__Entries provided__:
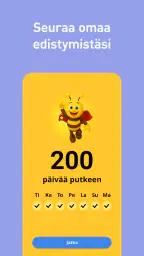 Kielikursseja - FunEasyLearn screenshot
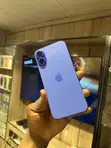 Apple iPhone 16 Plus 128GB Blue - 5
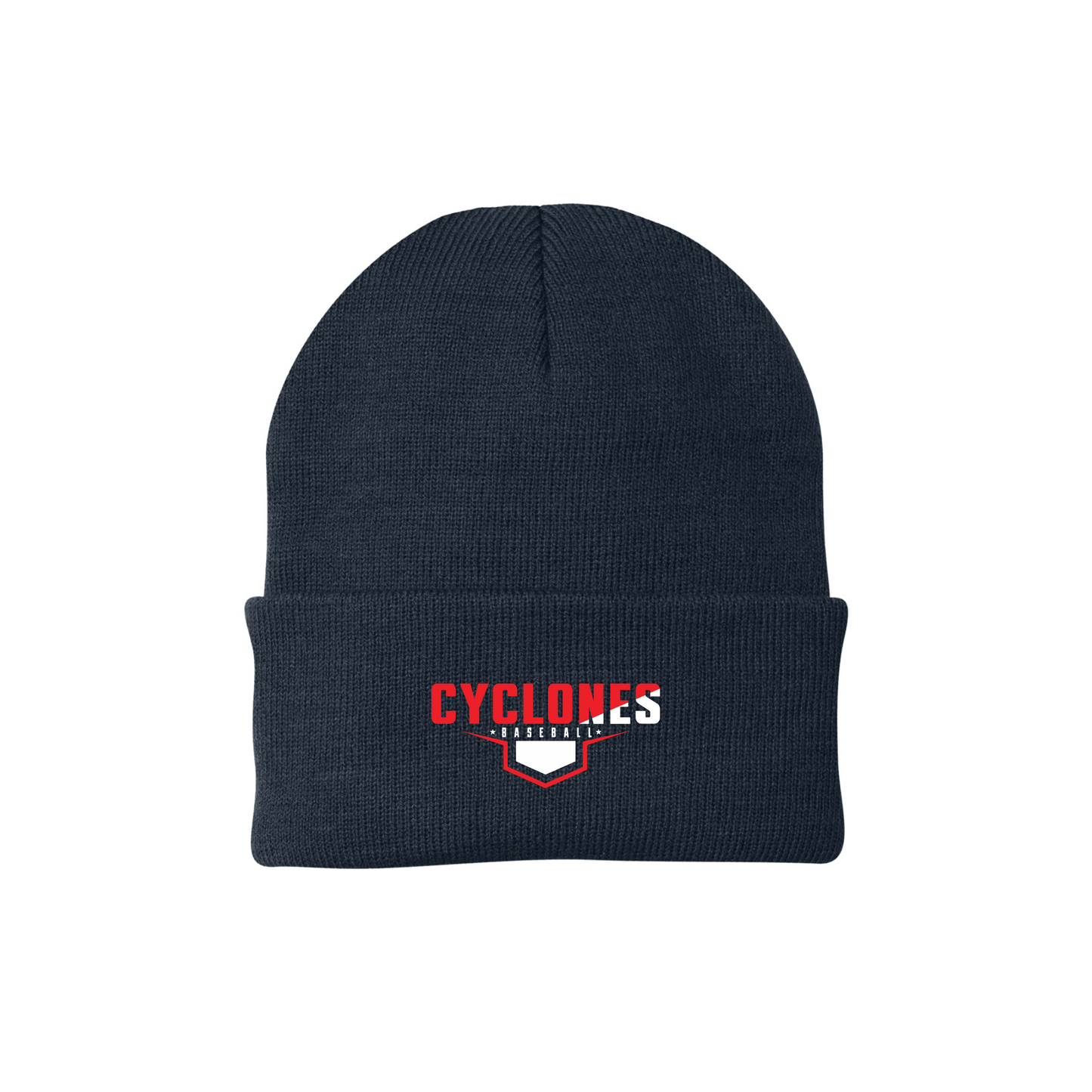 41 Soft Blend Beanie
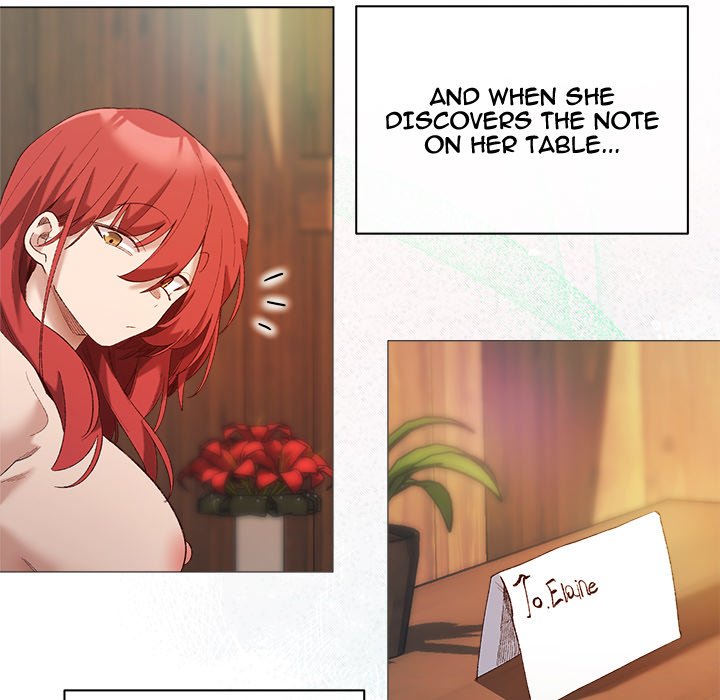 I Will Protect the Lady Chapter 9 - Manhwa18.com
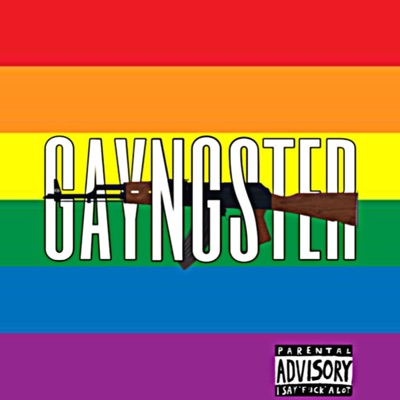 Gayngster (feat. Bilawal Qureshi) - Single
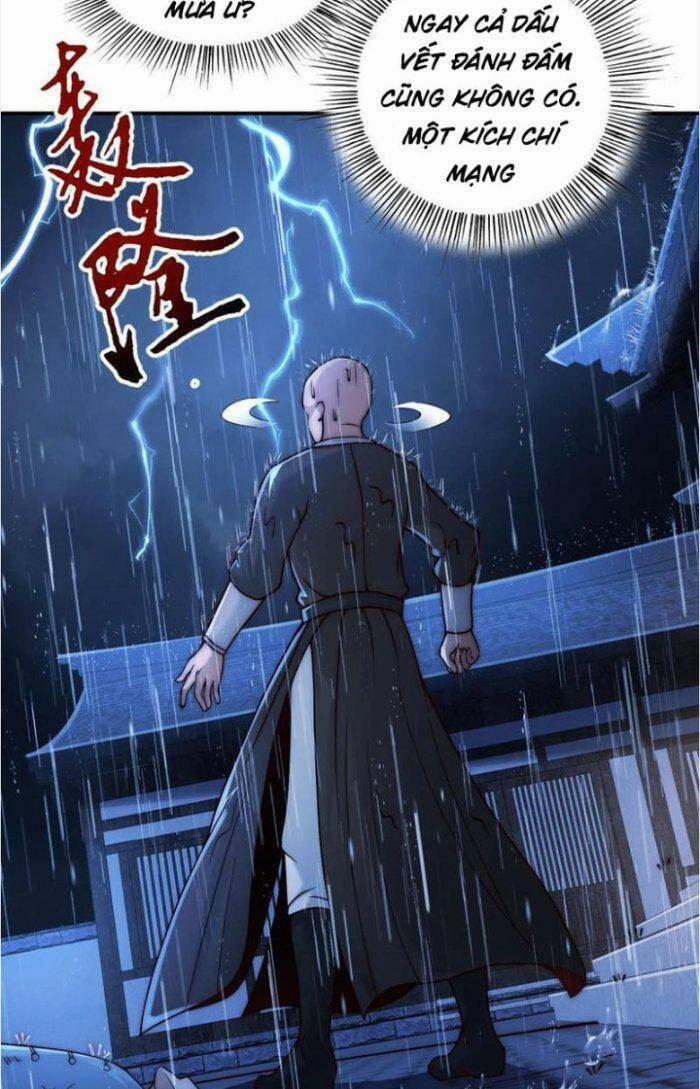 Ta Nuôi Quỷ Ở Trấn Ma Ty 18 trang 17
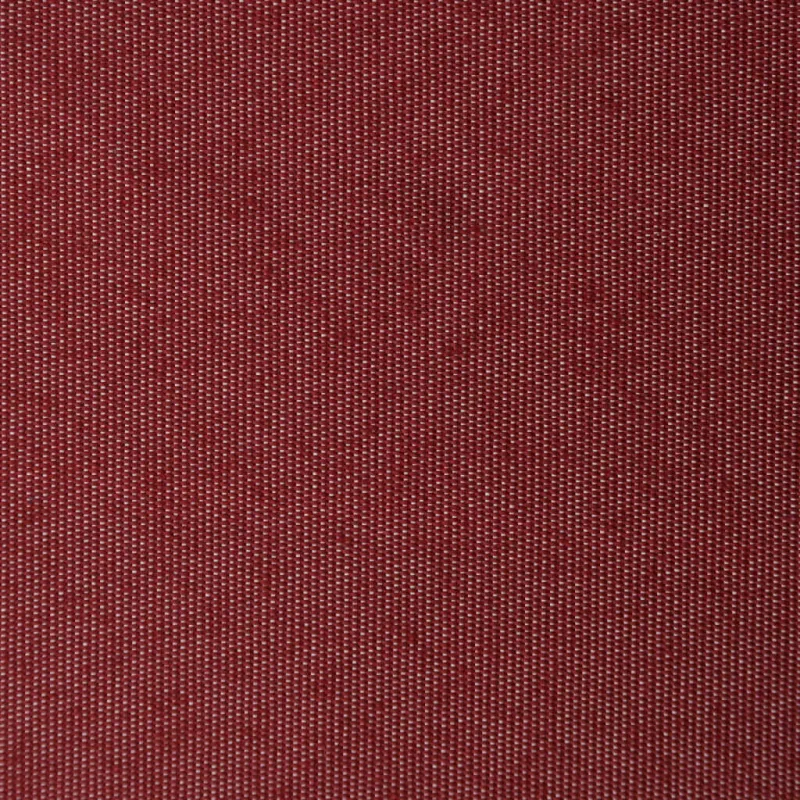 Automatinė ištraukiama markizė su LED, bordo spalvos, 500x350cm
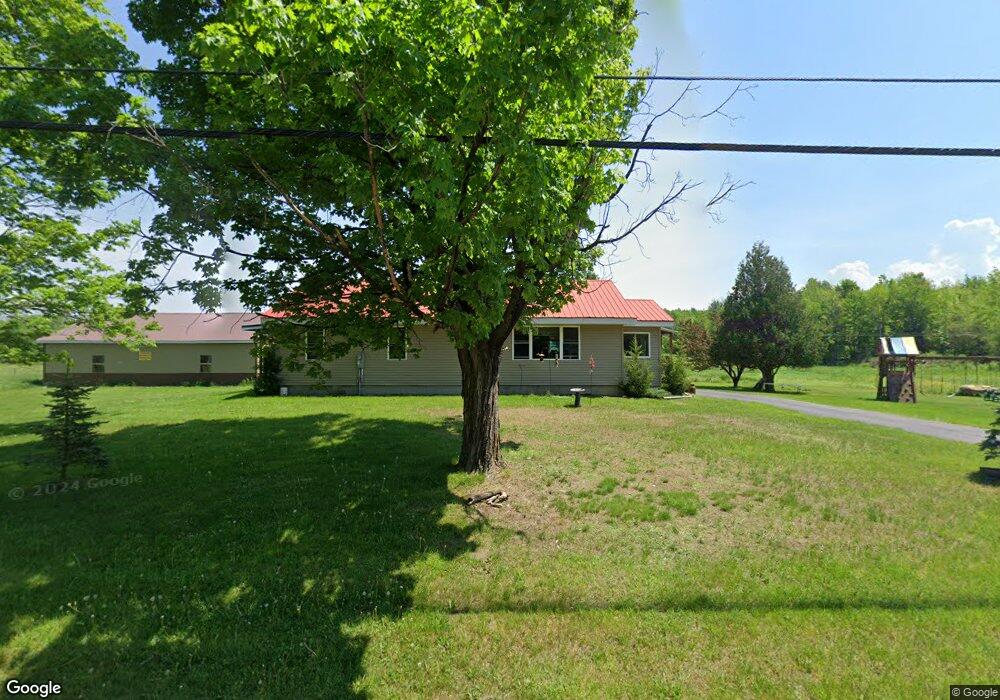 2061 State Highway 11c, North Lawrence, NY 12967 - photo 1
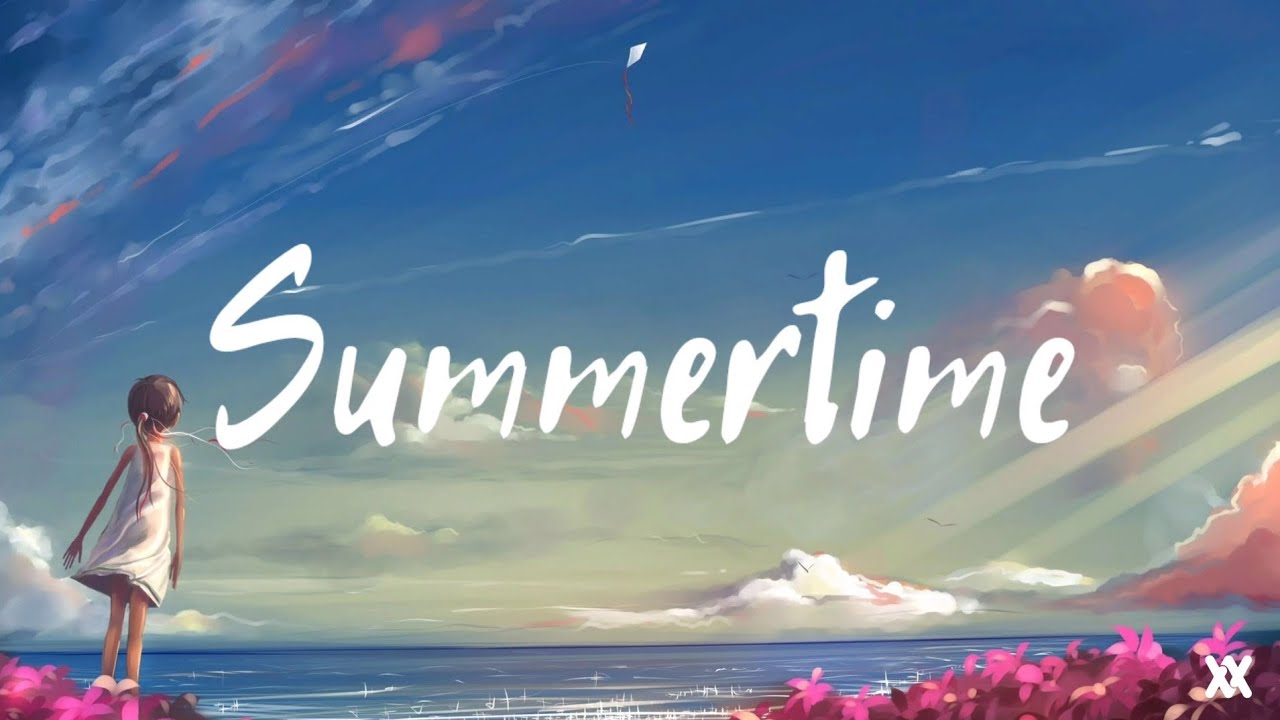 Stream 麦吉_Maggie x 盖盖Nyan - Summertime (Marc Benjamin Remix) [Kimi No  Toriko] by Marc Benjamin | Listen online for free on SoundCloud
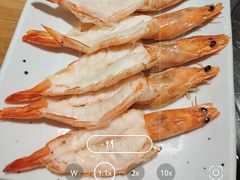 -萨拉伯尔水源素问店·韩国宫廷料理(人民路店)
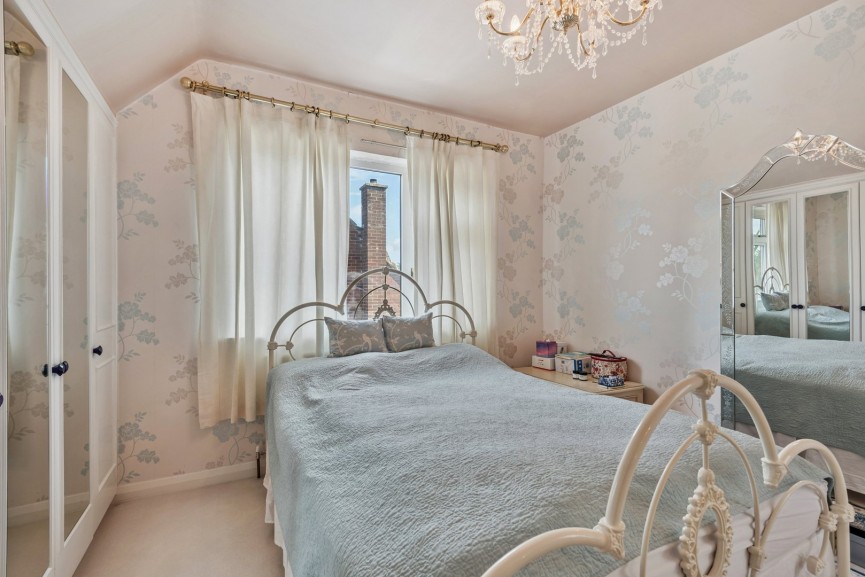 4 bedroom House for Sale Uplands Avenue, Hitchin, Hertfordshire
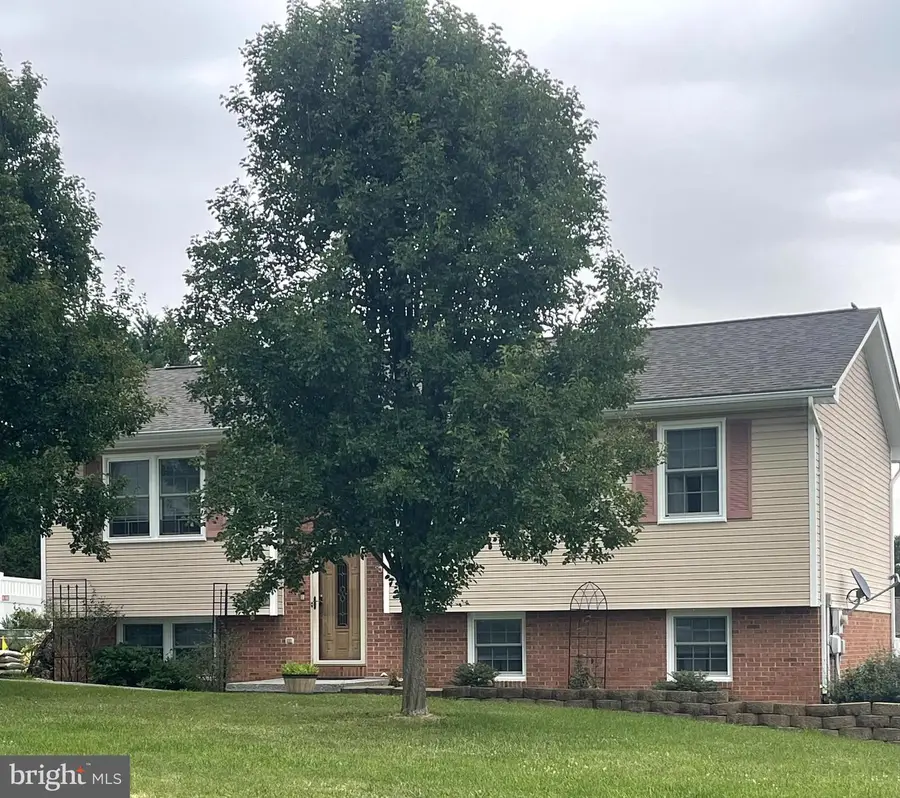 1170 Kesler Rd, Front Royal, VA 22630 - #2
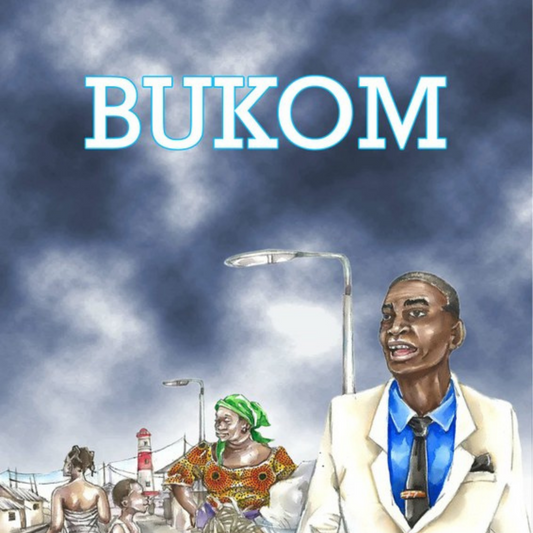 Bukom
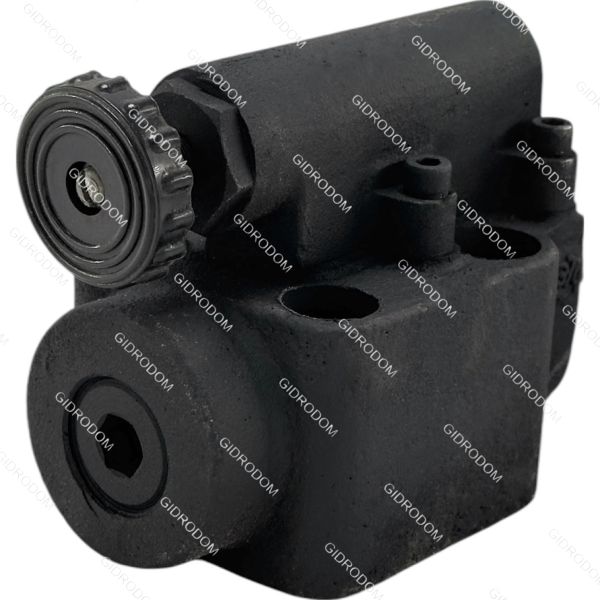 Гидроклапан предохранительный МКП-10-01А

__Exercise instructions__: The lines above from the line with "Apple iPhone 16 Plus 128GB Blue - 5" through the line with "4 bedroom House" are to be given again word for word, with no pictures among them.

__Task answer__:
 Apple iPhone 16 Plus 128GB Blue - 5
 41 Soft Blend Beanie
 I Will Protect the Lady Chapter 9 - Manhwa18.com
 Gayngster (feat. Bilawal Qureshi) - Single
 Ta Nuôi Quỷ Ở Trấn Ma Ty 18 trang 17
 Automatinė ištraukiama markizė su LED, bordo spalvos, 500x350cm
 2061 State Highway 11c, North Lawrence, NY 12967 - photo 1
 Stream 麦吉_Maggie x 盖盖Nyan - Summertime (Marc Benjamin Remix) [Kimi No  Toriko] by Marc Benjamin | Listen online for free on SoundCloud
 -萨拉伯尔水源素问店·韩国宫廷料理(人民路店)
 4 bedroom House for Sale Uplands Avenue, Hitchin, Hertfordshire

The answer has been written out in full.